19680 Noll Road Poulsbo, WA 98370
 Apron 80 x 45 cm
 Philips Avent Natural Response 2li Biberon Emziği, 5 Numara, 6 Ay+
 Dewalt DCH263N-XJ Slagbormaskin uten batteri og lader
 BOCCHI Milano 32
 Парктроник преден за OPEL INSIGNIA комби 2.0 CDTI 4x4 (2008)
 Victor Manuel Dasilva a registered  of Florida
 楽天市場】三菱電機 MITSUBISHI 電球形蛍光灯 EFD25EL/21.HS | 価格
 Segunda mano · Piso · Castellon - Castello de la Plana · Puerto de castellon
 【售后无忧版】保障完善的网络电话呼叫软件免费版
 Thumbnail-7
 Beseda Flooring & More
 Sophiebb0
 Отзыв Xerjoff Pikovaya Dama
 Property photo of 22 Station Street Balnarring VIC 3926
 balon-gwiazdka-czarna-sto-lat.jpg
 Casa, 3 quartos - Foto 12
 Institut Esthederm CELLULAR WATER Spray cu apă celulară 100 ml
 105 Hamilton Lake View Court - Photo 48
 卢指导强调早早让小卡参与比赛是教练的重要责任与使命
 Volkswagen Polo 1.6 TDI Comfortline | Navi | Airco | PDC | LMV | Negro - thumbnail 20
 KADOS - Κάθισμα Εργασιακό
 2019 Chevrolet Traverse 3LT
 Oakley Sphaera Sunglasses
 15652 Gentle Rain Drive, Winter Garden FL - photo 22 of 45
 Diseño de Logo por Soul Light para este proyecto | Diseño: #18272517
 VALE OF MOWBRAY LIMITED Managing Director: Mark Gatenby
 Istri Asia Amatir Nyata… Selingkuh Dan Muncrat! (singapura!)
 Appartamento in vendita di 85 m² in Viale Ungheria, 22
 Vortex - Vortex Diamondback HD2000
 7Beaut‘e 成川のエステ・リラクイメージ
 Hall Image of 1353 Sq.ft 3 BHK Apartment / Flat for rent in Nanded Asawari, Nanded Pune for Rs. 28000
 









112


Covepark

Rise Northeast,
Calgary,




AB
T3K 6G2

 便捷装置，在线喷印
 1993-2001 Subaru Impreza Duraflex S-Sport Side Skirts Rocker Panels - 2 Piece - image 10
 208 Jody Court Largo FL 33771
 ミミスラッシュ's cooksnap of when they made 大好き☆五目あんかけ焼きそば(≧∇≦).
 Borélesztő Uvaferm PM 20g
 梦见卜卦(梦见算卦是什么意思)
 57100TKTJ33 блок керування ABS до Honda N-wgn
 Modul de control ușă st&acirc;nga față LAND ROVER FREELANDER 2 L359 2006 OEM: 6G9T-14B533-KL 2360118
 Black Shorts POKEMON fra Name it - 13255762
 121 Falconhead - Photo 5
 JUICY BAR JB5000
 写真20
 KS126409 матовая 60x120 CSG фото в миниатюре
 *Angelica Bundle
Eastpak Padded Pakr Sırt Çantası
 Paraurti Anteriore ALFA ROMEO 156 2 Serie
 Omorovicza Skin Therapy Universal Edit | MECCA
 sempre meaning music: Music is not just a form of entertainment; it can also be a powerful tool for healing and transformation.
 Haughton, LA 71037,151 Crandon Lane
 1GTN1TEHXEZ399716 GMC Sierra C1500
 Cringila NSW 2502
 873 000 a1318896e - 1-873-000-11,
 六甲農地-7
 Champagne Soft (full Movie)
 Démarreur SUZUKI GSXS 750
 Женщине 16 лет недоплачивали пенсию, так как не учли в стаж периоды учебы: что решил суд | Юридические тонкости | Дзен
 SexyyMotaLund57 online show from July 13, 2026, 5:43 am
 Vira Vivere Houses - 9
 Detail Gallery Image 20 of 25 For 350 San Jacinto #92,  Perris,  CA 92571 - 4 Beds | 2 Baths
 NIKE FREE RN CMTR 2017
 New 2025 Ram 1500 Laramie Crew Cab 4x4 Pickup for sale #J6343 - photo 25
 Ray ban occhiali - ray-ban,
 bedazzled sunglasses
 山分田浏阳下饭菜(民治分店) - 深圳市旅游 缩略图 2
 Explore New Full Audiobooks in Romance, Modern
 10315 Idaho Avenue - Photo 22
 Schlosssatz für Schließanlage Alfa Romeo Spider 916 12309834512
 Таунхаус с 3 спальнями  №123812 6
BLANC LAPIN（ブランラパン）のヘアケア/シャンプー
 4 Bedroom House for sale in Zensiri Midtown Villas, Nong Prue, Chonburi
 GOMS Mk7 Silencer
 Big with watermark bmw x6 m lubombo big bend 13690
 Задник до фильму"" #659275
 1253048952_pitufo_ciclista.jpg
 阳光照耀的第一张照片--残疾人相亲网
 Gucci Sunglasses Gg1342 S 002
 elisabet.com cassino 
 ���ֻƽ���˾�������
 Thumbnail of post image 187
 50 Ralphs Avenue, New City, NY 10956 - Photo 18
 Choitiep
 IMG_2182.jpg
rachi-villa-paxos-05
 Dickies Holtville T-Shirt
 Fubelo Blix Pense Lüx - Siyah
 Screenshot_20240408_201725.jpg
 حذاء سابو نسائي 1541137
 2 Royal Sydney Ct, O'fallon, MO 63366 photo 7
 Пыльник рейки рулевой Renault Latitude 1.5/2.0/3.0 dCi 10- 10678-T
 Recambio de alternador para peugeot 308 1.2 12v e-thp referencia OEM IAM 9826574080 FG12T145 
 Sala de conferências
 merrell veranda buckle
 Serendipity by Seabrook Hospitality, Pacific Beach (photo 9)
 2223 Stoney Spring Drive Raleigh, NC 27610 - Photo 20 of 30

● ASSIGNMENT: Please repeat the whole listing above, keeping every line exactly as it reads.

● REPLY TO THE TASK:
19680 Noll Road Poulsbo, WA 98370
 Apron 80 x 45 cm
 Philips Avent Natural Response 2li Biberon Emziği, 5 Numara, 6 Ay+
 Dewalt DCH263N-XJ Slagbormaskin uten batteri og lader
 BOCCHI Milano 32
 Парктроник преден за OPEL INSIGNIA комби 2.0 CDTI 4x4 (2008)
 Victor Manuel Dasilva a registered  of Florida
 楽天市場】三菱電機 MITSUBISHI 電球形蛍光灯 EFD25EL/21.HS | 価格
 Segunda mano · Piso · Castellon - Castello de la Plana · Puerto de castellon
 【售后无忧版】保障完善的网络电话呼叫软件免费版
 Thumbnail-7
 Beseda Flooring & More
 Sophiebb0
 Отзыв Xerjoff Pikovaya Dama
 Property photo of 22 Station Street Balnarring VIC 3926
 balon-gwiazdka-czarna-sto-lat.jpg
 Casa, 3 quartos - Foto 12
 Institut Esthederm CELLULAR WATER Spray cu apă celulară 100 ml
 105 Hamilton Lake View Court - Photo 48
 卢指导强调早早让小卡参与比赛是教练的重要责任与使命
 Volkswagen Polo 1.6 TDI Comfortline | Navi | Airco | PDC | LMV | Negro - thumbnail 20
 KADOS - Κάθισμα Εργασιακό
 2019 Chevrolet Traverse 3LT
 Oakley Sphaera Sunglasses
 15652 Gentle Rain Drive, Winter Garden FL - photo 22 of 45
 Diseño de Logo por Soul Light para este proyecto | Diseño: #18272517
 VALE OF MOWBRAY LIMITED Managing Director: Mark Gatenby
 Istri Asia Amatir Nyata… Selingkuh Dan Muncrat! (singapura!)
 Appartamento in vendita di 85 m² in Viale Ungheria, 22
 Vortex - Vortex Diamondback HD2000
 7Beaut‘e 成川のエステ・リラクイメージ
 Hall Image of 1353 Sq.ft 3 BHK Apartment / Flat for rent in Nanded Asawari, Nanded Pune for Rs. 28000
 









112


Covepark

Rise Northeast,
Calgary,




AB
T3K 6G2

 便捷装置，在线喷印
 1993-2001 Subaru Impreza Duraflex S-Sport Side Skirts Rocker Panels - 2 Piece - image 10
 208 Jody Court Largo FL 33771
 ミミスラッシュ's cooksnap of when they made 大好き☆五目あんかけ焼きそば(≧∇≦).
 Borélesztő Uvaferm PM 20g
 梦见卜卦(梦见算卦是什么意思)
 57100TKTJ33 блок керування ABS до Honda N-wgn
 Modul de control ușă st&acirc;nga față LAND ROVER FREELANDER 2 L359 2006 OEM: 6G9T-14B533-KL 2360118
 Black Shorts POKEMON fra Name it - 13255762
 121 Falconhead - Photo 5
 JUICY BAR JB5000
 写真20
 KS126409 матовая 60x120 CSG фото в миниатюре
 *Angelica Bundle
Eastpak Padded Pakr Sırt Çantası
 Paraurti Anteriore ALFA ROMEO 156 2 Serie
 Omorovicza Skin Therapy Universal Edit | MECCA
 sempre meaning music: Music is not just a form of entertainment; it can also be a powerful tool for healing and transformation.
 Haughton, LA 71037,151 Crandon Lane
 1GTN1TEHXEZ399716 GMC Sierra C1500
 Cringila NSW 2502
 873 000 a1318896e - 1-873-000-11,
 六甲農地-7
 Champagne Soft (full Movie)
 Démarreur SUZUKI GSXS 750
 Женщине 16 лет недоплачивали пенсию, так как не учли в стаж периоды учебы: что решил суд | Юридические тонкости | Дзен
 SexyyMotaLund57 online show from July 13, 2026, 5:43 am
 Vira Vivere Houses - 9
 Detail Gallery Image 20 of 25 For 350 San Jacinto #92,  Perris,  CA 92571 - 4 Beds | 2 Baths
 NIKE FREE RN CMTR 2017
 New 2025 Ram 1500 Laramie Crew Cab 4x4 Pickup for sale #J6343 - photo 25
 Ray ban occhiali - ray-ban,
 bedazzled sunglasses
 山分田浏阳下饭菜(民治分店) - 深圳市旅游 缩略图 2
 Explore New Full Audiobooks in Romance, Modern
 10315 Idaho Avenue - Photo 22
 Schlosssatz für Schließanlage Alfa Romeo Spider 916 12309834512
 Таунхаус с 3 спальнями  №123812 6
BLANC LAPIN（ブランラパン）のヘアケア/シャンプー
 4 Bedroom House for sale in Zensiri Midtown Villas, Nong Prue, Chonburi
 GOMS Mk7 Silencer
 Big with watermark bmw x6 m lubombo big bend 13690
 Задник до фильму"" #659275
 1253048952_pitufo_ciclista.jpg
 阳光照耀的第一张照片--残疾人相亲网
 Gucci Sunglasses Gg1342 S 002
 elisabet.com cassino 
 ���ֻƽ���˾�������
 Thumbnail of post image 187
 50 Ralphs Avenue, New City, NY 10956 - Photo 18
 Choitiep
 IMG_2182.jpg
rachi-villa-paxos-05
 Dickies Holtville T-Shirt
 Fubelo Blix Pense Lüx - Siyah
 Screenshot_20240408_201725.jpg
 حذاء سابو نسائي 1541137
 2 Royal Sydney Ct, O'fallon, MO 63366 photo 7
 Пыльник рейки рулевой Renault Latitude 1.5/2.0/3.0 dCi 10- 10678-T
 Recambio de alternador para peugeot 308 1.2 12v e-thp referencia OEM IAM 9826574080 FG12T145 
 Sala de conferências
 merrell veranda buckle
 Serendipity by Seabrook Hospitality, Pacific Beach (photo 9)
 2223 Stoney Spring Drive Raleigh, NC 27610 - Photo 20 of 30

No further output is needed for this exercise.